SOURCE RECORDS —
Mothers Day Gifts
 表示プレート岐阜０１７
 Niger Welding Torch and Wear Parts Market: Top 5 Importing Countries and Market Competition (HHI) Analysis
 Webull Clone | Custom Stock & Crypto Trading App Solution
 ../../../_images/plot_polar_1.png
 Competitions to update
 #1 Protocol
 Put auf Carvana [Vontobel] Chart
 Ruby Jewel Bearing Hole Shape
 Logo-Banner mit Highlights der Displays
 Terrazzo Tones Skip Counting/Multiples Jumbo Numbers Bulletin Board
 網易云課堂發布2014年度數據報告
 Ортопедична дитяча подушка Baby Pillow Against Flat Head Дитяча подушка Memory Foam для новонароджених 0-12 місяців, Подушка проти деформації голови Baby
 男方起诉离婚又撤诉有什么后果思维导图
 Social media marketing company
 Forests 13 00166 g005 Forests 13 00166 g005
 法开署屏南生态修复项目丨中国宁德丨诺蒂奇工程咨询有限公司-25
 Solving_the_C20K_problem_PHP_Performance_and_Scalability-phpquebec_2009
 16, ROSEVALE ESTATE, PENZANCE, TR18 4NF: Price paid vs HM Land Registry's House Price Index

TASK GOAL —
Please reproduce the records exactly, without leaving any out.

ANSWER TO THE EXERCISE —
Mothers Day Gifts
 表示プレート岐阜０１７
 Niger Welding Torch and Wear Parts Market: Top 5 Importing Countries and Market Competition (HHI) Analysis
 Webull Clone | Custom Stock & Crypto Trading App Solution
 ../../../_images/plot_polar_1.png
 Competitions to update
 #1 Protocol
 Put auf Carvana [Vontobel] Chart
 Ruby Jewel Bearing Hole Shape
 Logo-Banner mit Highlights der Displays
 Terrazzo Tones Skip Counting/Multiples Jumbo Numbers Bulletin Board
 網易云課堂發布2014年度數據報告
 Ортопедична дитяча подушка Baby Pillow Against Flat Head Дитяча подушка Memory Foam для новонароджених 0-12 місяців, Подушка проти деформації голови Baby
 男方起诉离婚又撤诉有什么后果思维导图
 Social media marketing company
 Forests 13 00166 g005 Forests 13 00166 g005
 法开署屏南生态修复项目丨中国宁德丨诺蒂奇工程咨询有限公司-25
 Solving_the_C20K_problem_PHP_Performance_and_Scalability-phpquebec_2009
 16, ROSEVALE ESTATE, PENZANCE, TR18 4NF: Price paid vs HM Land Registry's House Price Index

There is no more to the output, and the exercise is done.